The Mortuary - Jeder Tod hat eine Geschichte (2019)

Eine Filmkritik von Andreas Köhnemann

(Wahn-)Witz trifft Horror

Eine tiefe, dunkle Erzählerstimme raunt Bedrohliches; die Kamera schwebt durch einen Wald, vorbei an einem Schild mit der Aufschrift „Raven’s End“; ein Gewitter tobt; die Raben krächzen – und ein kleiner Junge, der Mitglied der „Goonies“ sein könnte, radelt hastig durch Forst und Kleinstadtstraßen, bis er zu einem großen, abgelegenen Anwesen gelangt: dem örtlichen Leichenschauhaus, das zugleich ein Krematorium ist. Schon die ersten Bilder von „The Mortuary – Jeder Tod hat eine Geschichte“ machen, noch unterlegt mit einem stimmungsvollen Score, ganz unmissverständlich klar: Hier geht’s um Grusel, Spaß und Atmosphäre! Und dieses Versprechen hält der Drehbuchautor und Regisseur Ryan Spindell im Folgenden auch ein.

 

Seit 2017 hat Spindell eine Reihe von Kurzfilmen realisiert, die alle mit Horror-, Fantasy- und Comedy-Elementen spielen. Diesen Mix präsentiert er nun auch in seinem ersten Langfilm, der als Anthologie konzipiert ist und vier Episoden mit einer Rahmenhandlung verknüpft. Für die finale Episode übernimmt er seinen 22-Minüter The Babysitter Murders aus dem Jahre 2015. Was die einzelnen Teile verbindet, ist vor allem der morbide, schwarzhumorige Grundton.

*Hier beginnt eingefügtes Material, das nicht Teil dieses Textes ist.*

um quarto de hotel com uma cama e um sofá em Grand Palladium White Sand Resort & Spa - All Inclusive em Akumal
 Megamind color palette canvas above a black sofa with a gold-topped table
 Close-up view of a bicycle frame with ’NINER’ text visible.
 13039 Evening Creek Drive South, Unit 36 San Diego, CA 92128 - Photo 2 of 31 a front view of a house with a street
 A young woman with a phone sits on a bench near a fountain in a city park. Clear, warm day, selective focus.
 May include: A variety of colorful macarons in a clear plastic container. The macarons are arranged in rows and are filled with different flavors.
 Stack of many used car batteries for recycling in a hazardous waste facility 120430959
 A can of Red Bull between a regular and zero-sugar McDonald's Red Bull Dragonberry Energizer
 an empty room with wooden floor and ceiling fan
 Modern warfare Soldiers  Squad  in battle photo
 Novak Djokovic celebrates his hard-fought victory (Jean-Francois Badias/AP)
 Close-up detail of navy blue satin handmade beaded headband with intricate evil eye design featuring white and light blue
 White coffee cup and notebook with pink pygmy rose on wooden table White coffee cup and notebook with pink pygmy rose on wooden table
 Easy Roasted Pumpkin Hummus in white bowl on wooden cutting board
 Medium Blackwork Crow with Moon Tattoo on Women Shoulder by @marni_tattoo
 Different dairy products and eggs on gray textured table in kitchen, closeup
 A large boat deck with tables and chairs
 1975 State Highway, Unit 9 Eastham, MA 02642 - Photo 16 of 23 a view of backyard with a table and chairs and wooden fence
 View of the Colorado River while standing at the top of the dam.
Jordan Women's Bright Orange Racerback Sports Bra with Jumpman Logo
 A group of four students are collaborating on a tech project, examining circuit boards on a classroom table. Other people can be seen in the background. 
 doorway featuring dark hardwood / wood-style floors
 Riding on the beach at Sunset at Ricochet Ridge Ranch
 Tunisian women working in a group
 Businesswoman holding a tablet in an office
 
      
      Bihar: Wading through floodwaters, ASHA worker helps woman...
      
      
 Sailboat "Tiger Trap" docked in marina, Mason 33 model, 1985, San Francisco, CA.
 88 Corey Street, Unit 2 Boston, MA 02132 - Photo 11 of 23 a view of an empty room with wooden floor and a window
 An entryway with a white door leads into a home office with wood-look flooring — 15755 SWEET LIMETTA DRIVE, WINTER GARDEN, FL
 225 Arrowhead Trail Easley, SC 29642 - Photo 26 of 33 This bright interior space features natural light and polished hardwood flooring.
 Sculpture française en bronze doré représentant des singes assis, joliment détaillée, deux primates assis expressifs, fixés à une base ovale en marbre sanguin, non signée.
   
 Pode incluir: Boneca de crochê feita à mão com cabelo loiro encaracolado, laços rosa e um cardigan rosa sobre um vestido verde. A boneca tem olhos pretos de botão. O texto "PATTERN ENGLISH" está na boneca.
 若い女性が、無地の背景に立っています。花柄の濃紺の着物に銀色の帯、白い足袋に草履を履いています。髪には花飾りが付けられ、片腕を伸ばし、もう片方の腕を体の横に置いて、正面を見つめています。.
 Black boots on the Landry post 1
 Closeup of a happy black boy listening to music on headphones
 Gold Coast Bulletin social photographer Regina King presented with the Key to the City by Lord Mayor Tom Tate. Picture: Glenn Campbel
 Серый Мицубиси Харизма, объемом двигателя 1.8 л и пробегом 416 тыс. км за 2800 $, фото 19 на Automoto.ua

Von einem kurzen Kammerspiel, das in den 1950er Jahren angesiedelt ist und eine Diebin (Christine Kilmer) zeigt, die im Badezimmer eines gerade Bestohlenen eine höchst unangenehme Entdeckung macht, geht es zu einem drastischen Body-Horror-Stück, das uns im Sixties-Gewand ans College führt, wo einem arroganten Studenten (Jacob Elordi) eine sehr, sehr schmerzhafte Lektion in Sachen Safer Sex erteilt wird. Auf eine düstere Geschichte in den 1970er Jahren über einen verzweifelten Mann (Barak Hardley), der in einem moralischen Dilemma steckt, folgt schließlich die bereits genannte Halloween-Variation um eine junge Frau in einem nächtlichen Haus und eine grausame Mordserie in einem US-Vorort der 1980er Jahre.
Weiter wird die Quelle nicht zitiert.